Scraped caption text data:
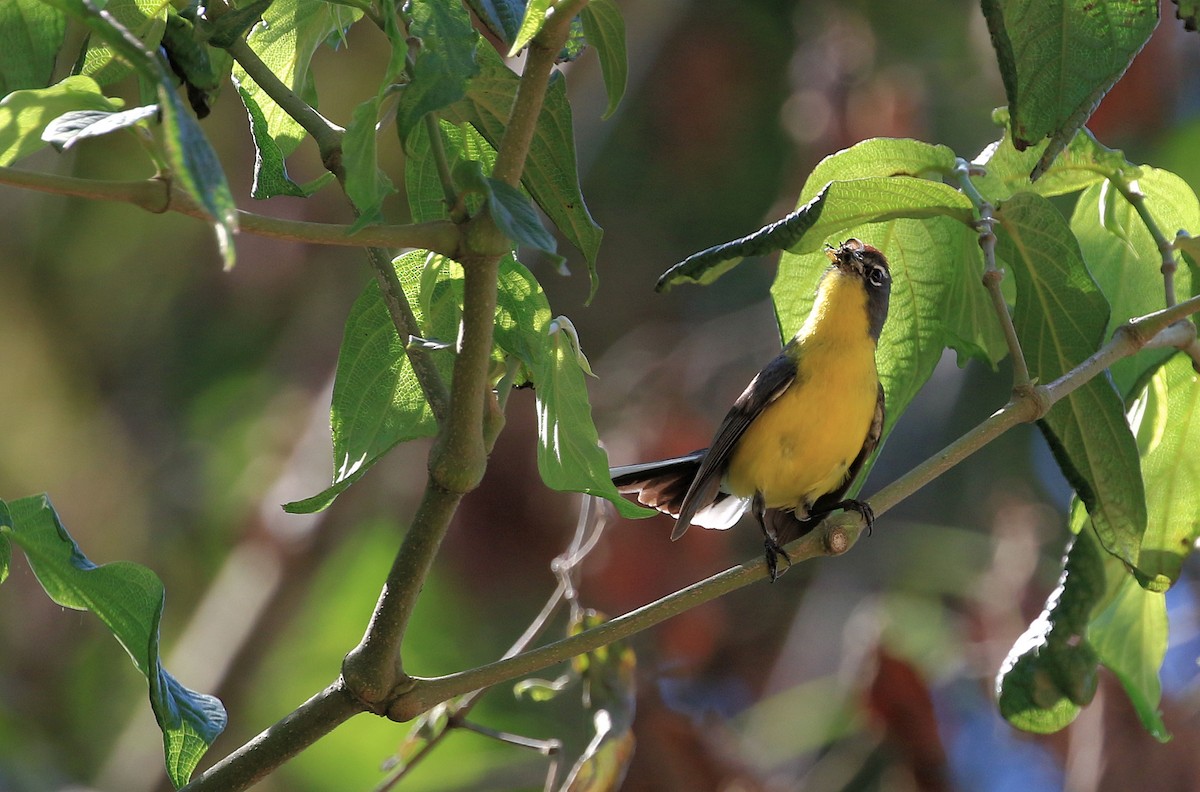 Brown-capped Redstart - ML100131301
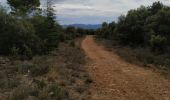 Trail Walking Draguignan - le malmont Draguignan - Photo 1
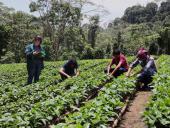 La investigación en la mejora de los procesos del Sector Agropecuario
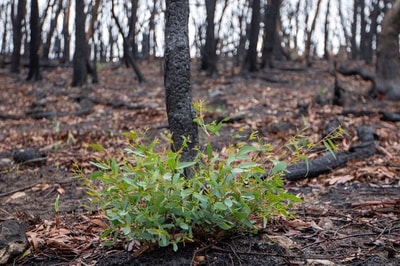 Epicormic growth after bushfire.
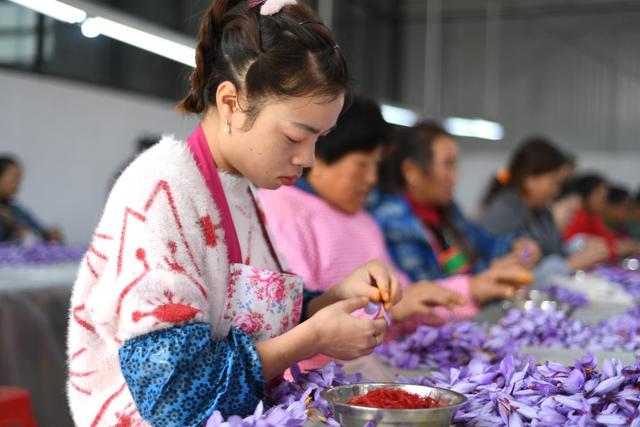 贵州岑巩：西红花开幸福来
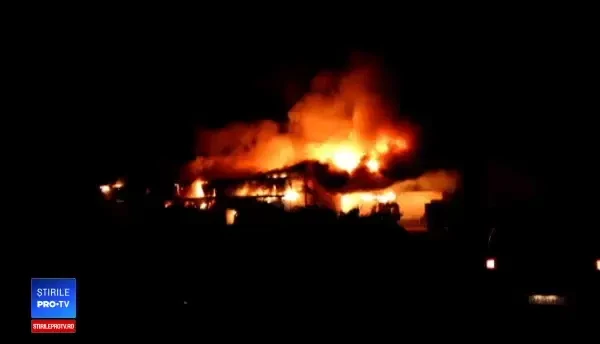 Incendiu uriaș la o fabrică de conserve din Topoloveni. Flăcările au pornit de la o friteuză industrială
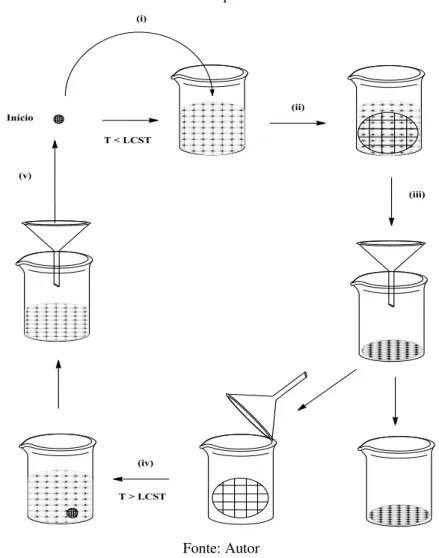 Figura 7  – Ilustração do processo de purificação de macromoléculas através da utilização de macrogéis  termorresponsivos 
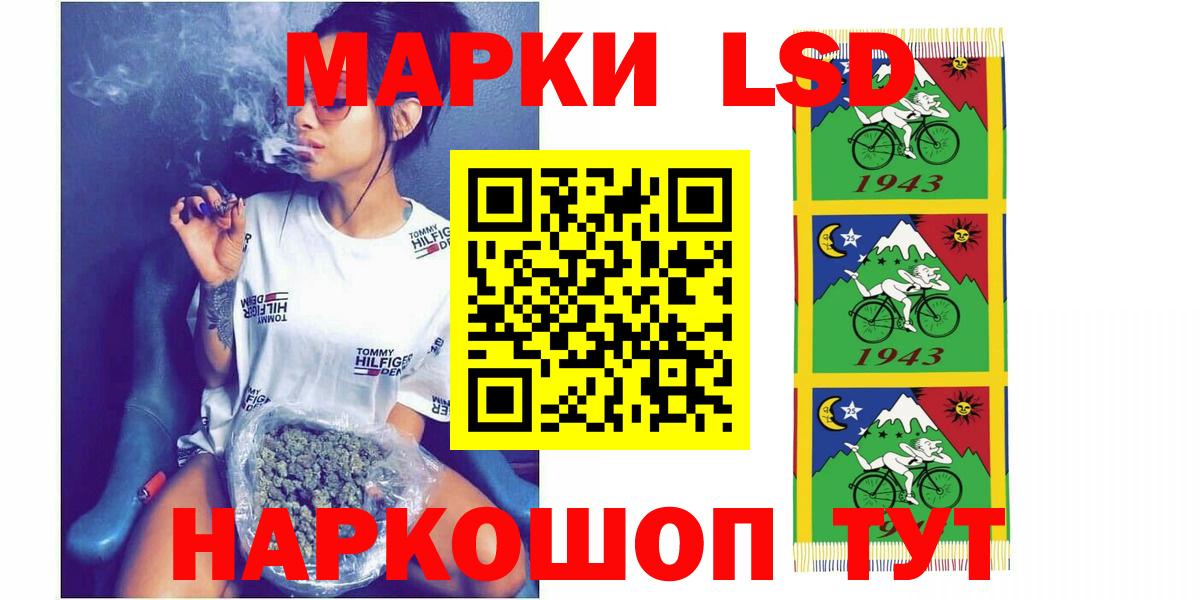МЕФ Бийск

§ Exercise description
Give back every record above word for word, dropping pictures.

§ The answer
 Brown-capped Redstart - ML100131301
 Trail Walking Draguignan - le malmont Draguignan - Photo 1
 La investigación en la mejora de los procesos del Sector Agropecuario
 Epicormic growth after bushfire.
 贵州岑巩：西红花开幸福来
 Incendiu uriaș la o fabrică de conserve din Topoloveni. Flăcările au pornit de la o friteuză industrială
 Figura 7  – Ilustração do processo de purificação de macromoléculas através da utilização de macrogéis  termorresponsivos 
МЕФ Бийск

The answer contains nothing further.